Merheba hevalino hûn bi xêr hatin li ser seran li ser çavan hatin. Merhaba değerli Hakkari halkı, merhaba Türkiye’nin dört bir yanında bugün Hakkari’nin yaşadığı mağduriyet ve zulme karşı dayanışmaya gelenler. Büyük demokrasi yürüyüşünde birlikte yürüdüğümüz demokratik kurum temsilcileri hepiniz hoş geldiniz, baş göz üstüne geldiniz. Merhaba Sümbül Dağı, heybetli Zap Suyu kadar direngen, Berçelan Yaylası kadar güzel olan Hakkari halkı; binlerce kez merhaba sizlere. Kayyım atandığı günden beri buradayız, direniyoruz. Kayyıma karşı direniyoruz. İrademizi çalanlara karşı direniyoruz. “Kürt kendi kendini yönetemez, Kürtler bu ülkenin asli yurttaşı değildir” diyen Ankara’daki hukuksuz hukuka karşı direniyoruz. Direnişimize binlerce kez selam olsun. Selam olsun direnen değerli halklarımıza!
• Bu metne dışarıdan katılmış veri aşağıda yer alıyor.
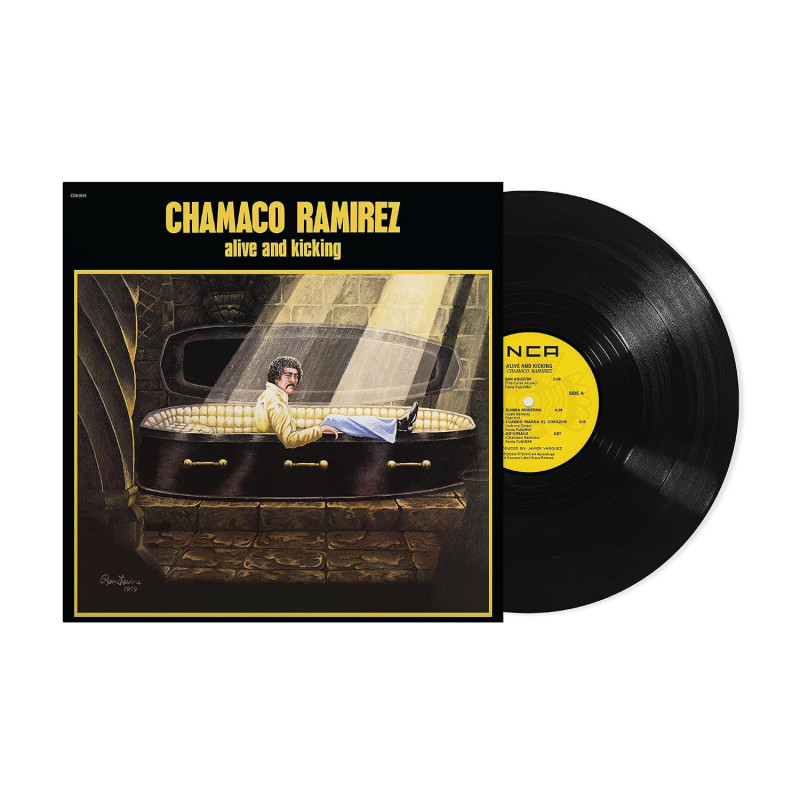 Ramírez, Chamaco - Alive And Kicking - LP 180 Gr.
Halk bu siyasi darbeyi kabul etmiyor

Kayyımı atayanlar da itiraf etmiştir, bizzat Erdoğan itiraf etmiştir. “Kanuni değil ama biz kendi hukukumuzu uyguladık” demiştir. Hakkari halkının bu alanda ve meydandaki iradesini ey Ankara duyuyor musun? Ey Ankara, ey AKP, ey küçük ortağı MHP, ey bizleri hedef haline getirmek isteyenler; duyun halkın sesini, duyun halkın alkışını, duyun halkın zılgıtını, duyun halkın direnişini! Bunlar kayyım atayarak, seçme ve seçilme hakkımızı elimizden almış oluyorlar. Dünyanın neresine giderseniz gidin, seçim demek demokrasinin asgari koşulu demektir. Seçme ve seçilme hakkını ortadan kaldıran, kayyım rejimi ile Kürt’e “Sen seçilemezsin, seçilsen de yönetemezsin” diyen, her türlü yalanı dolanı ve kumpası Kürt’e reva gören anlayış şunu görecek: Halk direniyor. Halk kayyıma hayır diyor, iradesine sahip çıkıyor. Halk bu siyasi darbeyi kabul etmiyor.

Jandarmanın Hakkari sokaklarına inmesi bir askeri darbedir

Bizler burada kayyıma karşı direnirken polisin çeşitli saldırılarına maruz kaldık. Ama yılmadık, geri adım atmadık ve hep alanlarda, meydanlarda direnmeye devam ettik. Onlar bu kayyım meselesinin darbeyle alakasının olmadığını söylüyor. Oysa biz baştan beri dedik ki bu bir siyasi darbedir, asla kabul etmiyoruz. Hakkari Valiliğinin önünde basın açıklamamızı ve oturma eylemimizi yaparken birkaç gün önce, onlar valiliğin bahçesine jandarmayı indirdi. Jandarma indi Hakkari sokaklarına! Bu bir askeri darbedir aynı zamanda.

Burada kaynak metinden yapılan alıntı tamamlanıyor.